May 12, 2026

Meditation Isn’t About Quieting the Mind

You probably think meditation means making the mind quiet.

Most descriptions of it sound like rest. Empty the chatter. Settle into stillness. Let everything fall away. So you sit down with that picture in your head, find the mind louder than it has ever been, and quietly conclude you are bad at this.

A new study at the Université de Montréal scanned the brains of twelve Buddhist monks from the Thai Forest tradition who had logged more than 15,000 hours of practice each. What the researchers found pushes against the popular picture. The meditating brain was not in a resting state. It was more active. More complex. Moving toward what neuroscientists call brain criticality, a balance point between order and chaos where the brain functions most efficiently. Stable enough to hold things together. Loose enough to change direction.

The two techniques they studied did this in different ways.

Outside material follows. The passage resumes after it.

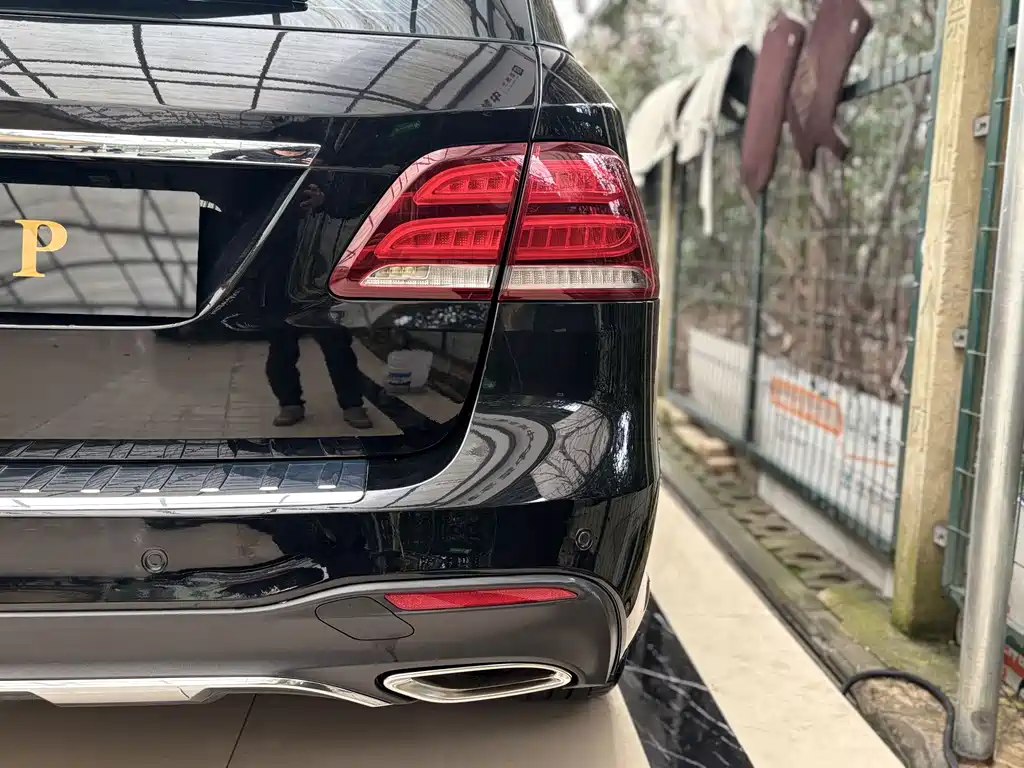MERCEDES-BENZ GLE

Samatha narrows attention to a single object, like the breath. Vipassana widens attention to whatever is happening, without judgment. Vipassana brought the brain closer to that critical edge. Both engaged attention rather than turning it off.

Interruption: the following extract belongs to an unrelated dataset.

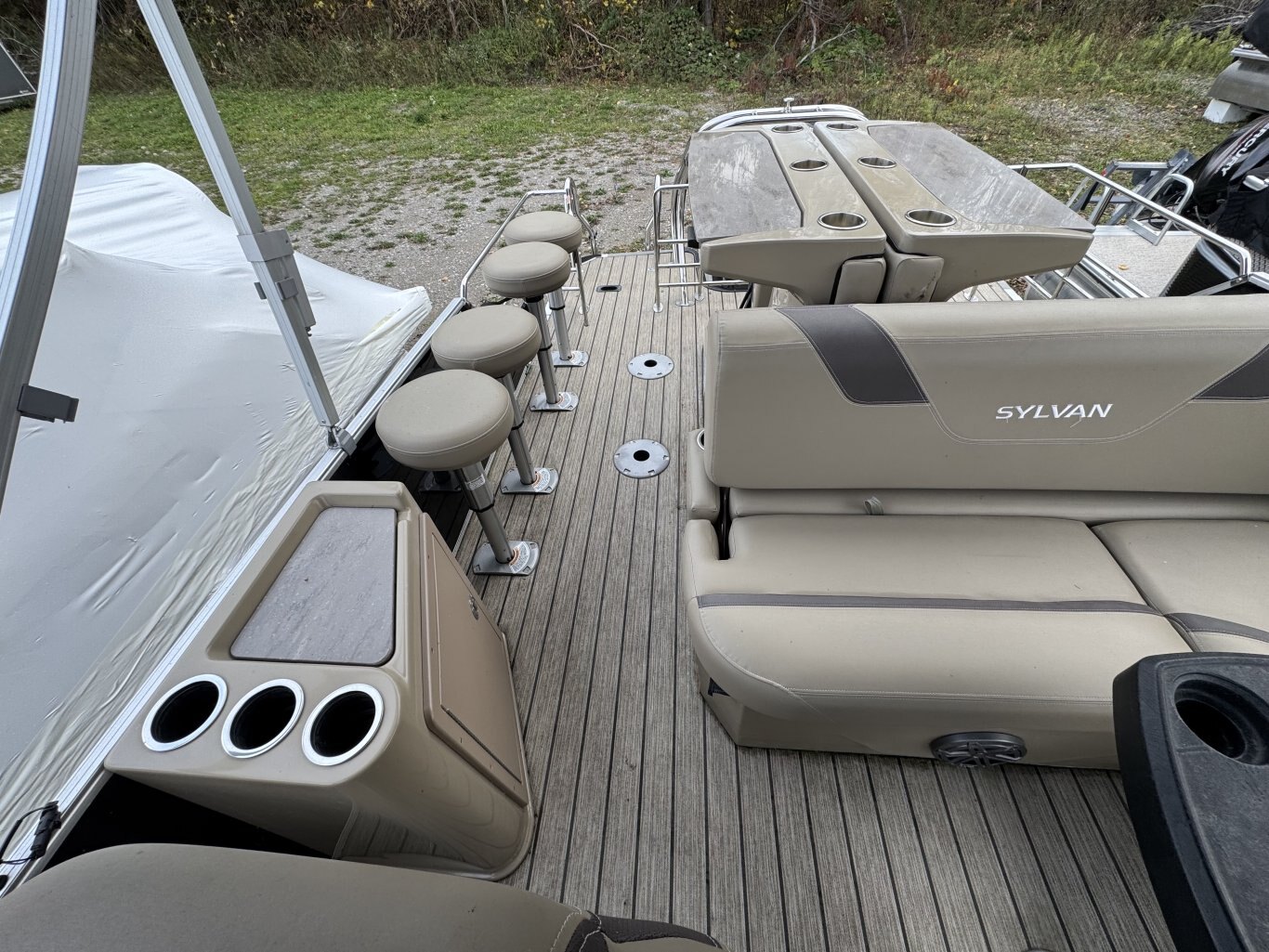 2021 Sylvan L3 DLZ Bar Boat 150HP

That is the part most of us miss. The skill being built is choice, not silence. The capacity to direct your attention voluntarily, pull it back when it wanders, widen it when it narrows. Over time the brain becomes more capable of doing the one thing the inner courtroom never lets you do: change the channel.

What this means for you

You are not failing at meditation when your mind is noisy. The noise is the substrate. The practice lives in the redirection, again and again, without contempt for yourself. The research suggests it is the redirecting that does the work. Not the stillness underneath it. The stillness shows up later, as a side effect.

For anyone caught in rumination, this matters. You are not trying to shut the prosecutor down. You are not trying to win the argument. You are training a quieter capacity underneath all of it. The ability to choose where your attention lands, and to keep choosing. That ability does not require fifteen thousand hours. It requires showing up.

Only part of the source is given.